Courbet
- Company type: Société par actions simplifiée
- Industry: Jewelry
- Founded: 2018; 8 years ago
- Founder: Manuel Mallen Marie-Ann Wachtmeister
- Headquarters: Paris, France
- Revenue: 2 million euros (2019)
- Number of employees: 20 (2020)
- Website: https://www.en.courbet.com/

= Courbet (company) =

French jewelry business

Courbet is a French jewelry business founded in 2018 by Manuel Mallen and Marie-Ann Wachtmeister.

Courbet uses only lab-grown diamonds and recycled gold, which comes mainly from old smartphones and laptops, in order to create their jewellery.

The firm's manufacturing sites run on sustainable energy and are located in Russia and the United States. Since November 2019, Courbet also buys diamonds produced in France by the French business Diam Concept.

==History==
Courbet was founded in 2018 by entrepreneur Manuel Mallen and designer Marie-Ann Wachtmeister, and has Chanel among its shareholders.

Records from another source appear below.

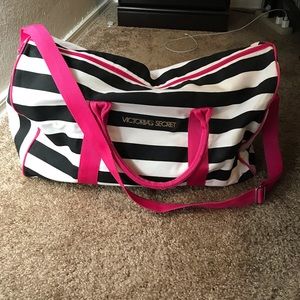 Victoria’s Secret Stripped Duffle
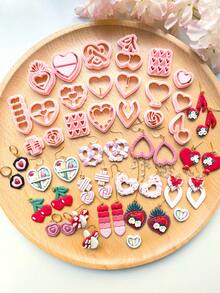 Valentine's Day Polymer Clay Cutters, Romantic Heart Shape Polymer Clay Cutter Molds For DIY Soft Pottery Earrings, Polymer Clay Crafting Tools, Valentine's Day Gift - Valentine's Day Polymer Clay Cutters - View 6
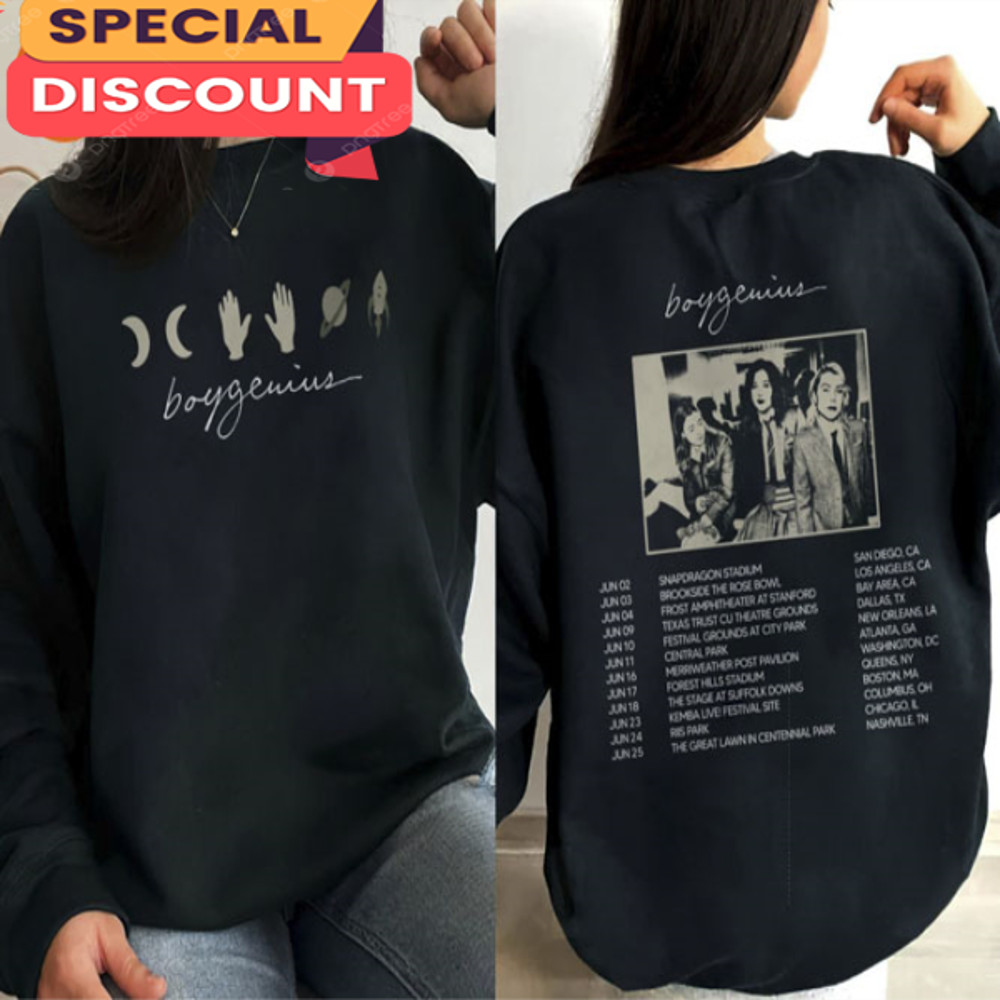 Boygenius Indie Rock Band Tour 2023 Unisex Hoodie Design.jpg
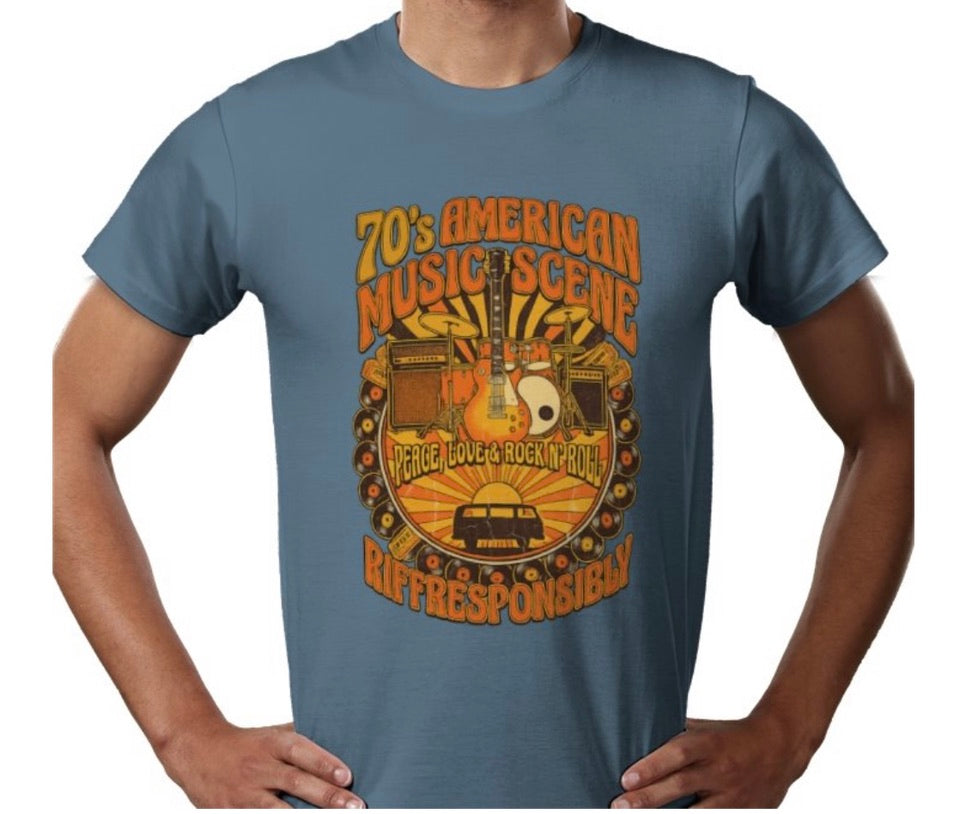 Riff Responsibly | 70's Americana T-Shirt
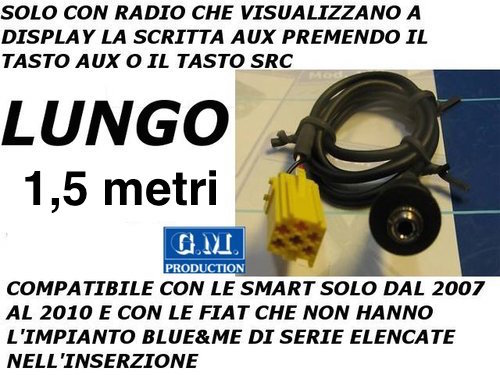 Cavo ingresso solo audio aux - cavo,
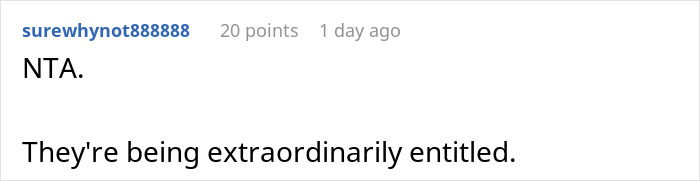 Family Demands Woman Make Separate Meals For Them: "Don't Want To Eat What My Doctor Told Me"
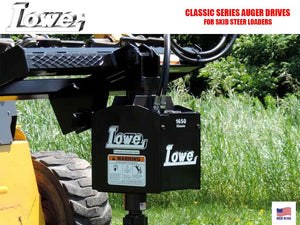 BERLON LOWE Classic Series Auger Drive for skid steer loaders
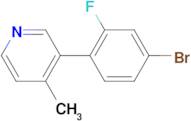 3-(4-Bromo-2-fluorophenyl)-4-methylpyridine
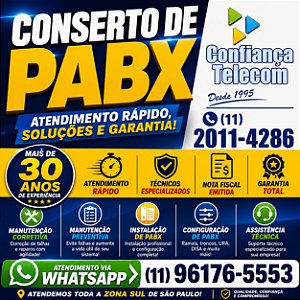 Conserto de PABX em Moema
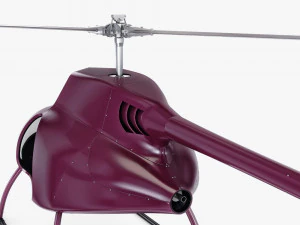 Generic Light Helicopter M 1 3D Model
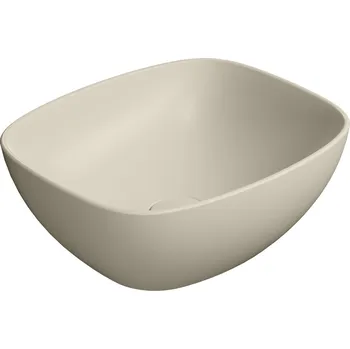 NUBES keramické umyvadlo na desku 40x35cm, creta mat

The Courbet showroom is in Place Vendôme. It is named after the French painter Gustave Courbet, who participated to the Vendôme column’s destruction in 1871.

In May 2019 the firm opened a corner in the Printemps Haussmann department store.

In June 2019, Courbet sold a ring with a 9 carats diamond which was then the biggest lab-grown round shape diamond ever made.

In November 2019, Courbet started the « Ponts des Arts » collection made of French made diamonds, in collaboration with the startup Diam Concept founded by Alix Gicquel. Each piece of the collection has a lock on it, referring to the love locks on the pont des Arts in Paris.

In May 2020, the company raised 8 million euros thanks to the farm investment firm Raise Ventures, and the Chinese communication agency Hylink. This fund raising aimed to develop online sales, research and diamonds manufacturing in France. It also supported the firm's development in China, in particular, the opening of a subsidiary in Shanghai in May 2021.

Courbet also received the Butterfly Mark from the independent organisation Positive Luxury, certifying that the brand is operating in line with the highest standards of sustainability across the entire value chain.

In 2021, Courbet asked for a carbon report, and obtained a result of 20 kg per carat for diamonds cut and produced in France.